What the task asks => Quote every line below exactly and skip any picture.

Available data =>
• • •

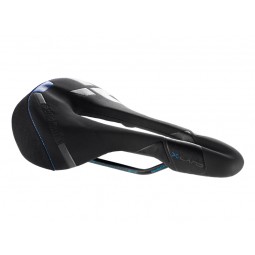 Siodło SELLE ITALIA X-LAND E-BIKE TM SUPERFLOW L (id match - L3) Manganese Tube 7,  fibra-tek- Mokka, 275g czarno-niebieskie (DW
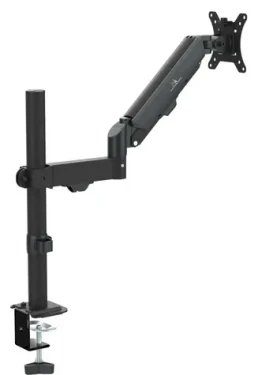 Maclean MC-135 čierna / Stolný držiak monitora / 17-32" / VESA 75x75-100x100 / nosnosť 10 kg / plynová vzpera (3)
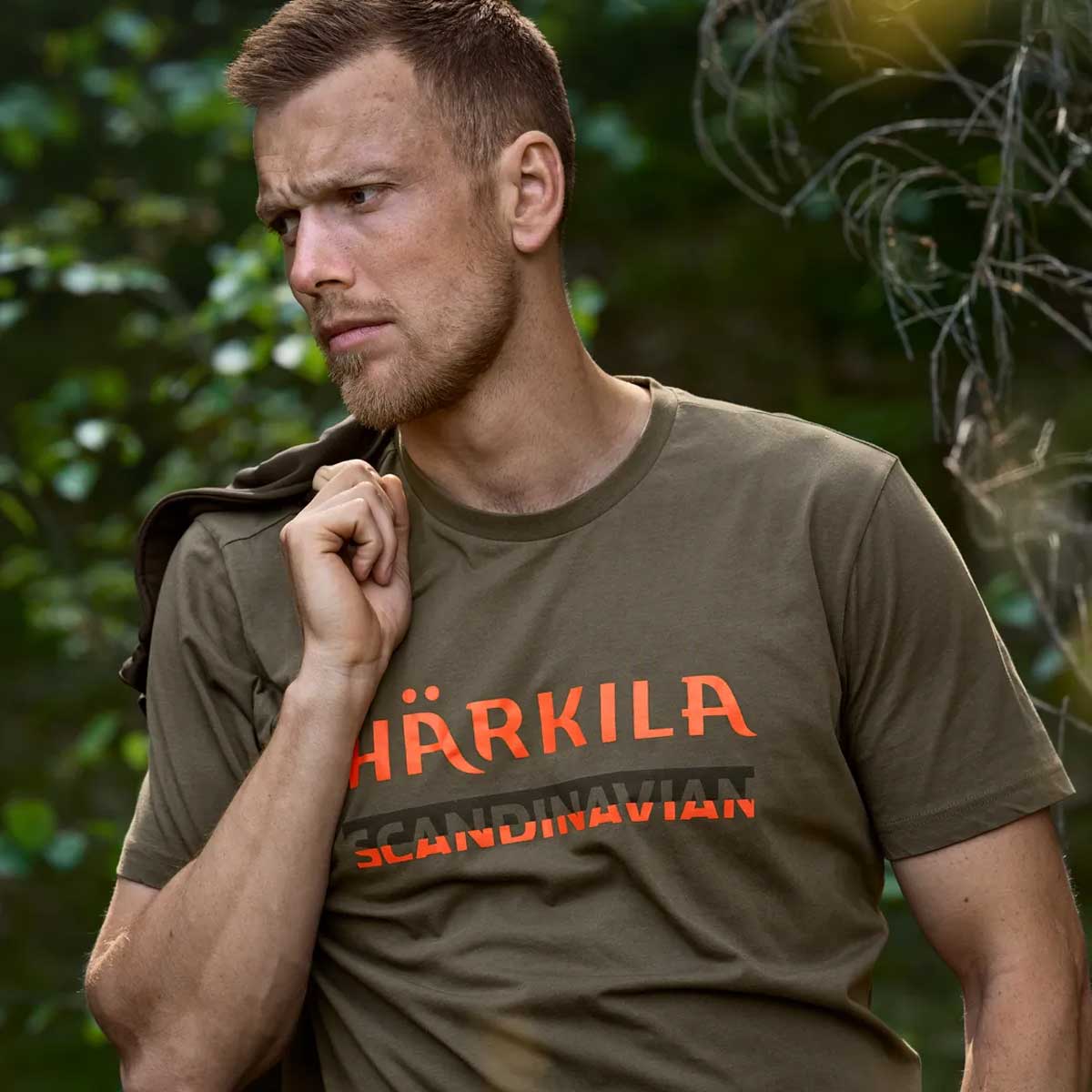 HARKILA Scandinavian T-Shirt - Mens - Grape Leaf - Image 3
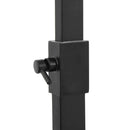 vidaXL fekete sárgaréz kétfejű zuhanyszett keverővel és tömlővel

• • •

Written response =>
 Siodło SELLE ITALIA X-LAND E-BIKE TM SUPERFLOW L (id match - L3) Manganese Tube 7,  fibra-tek- Mokka, 275g czarno-niebieskie (DW
 Maclean MC-135 čierna / Stolný držiak monitora / 17-32" / VESA 75x75-100x100 / nosnosť 10 kg / plynová vzpera (3)
 HARKILA Scandinavian T-Shirt - Mens - Grape Leaf - Image 3
 vidaXL fekete sárgaréz kétfejű zuhanyszett keverővel és tömlővel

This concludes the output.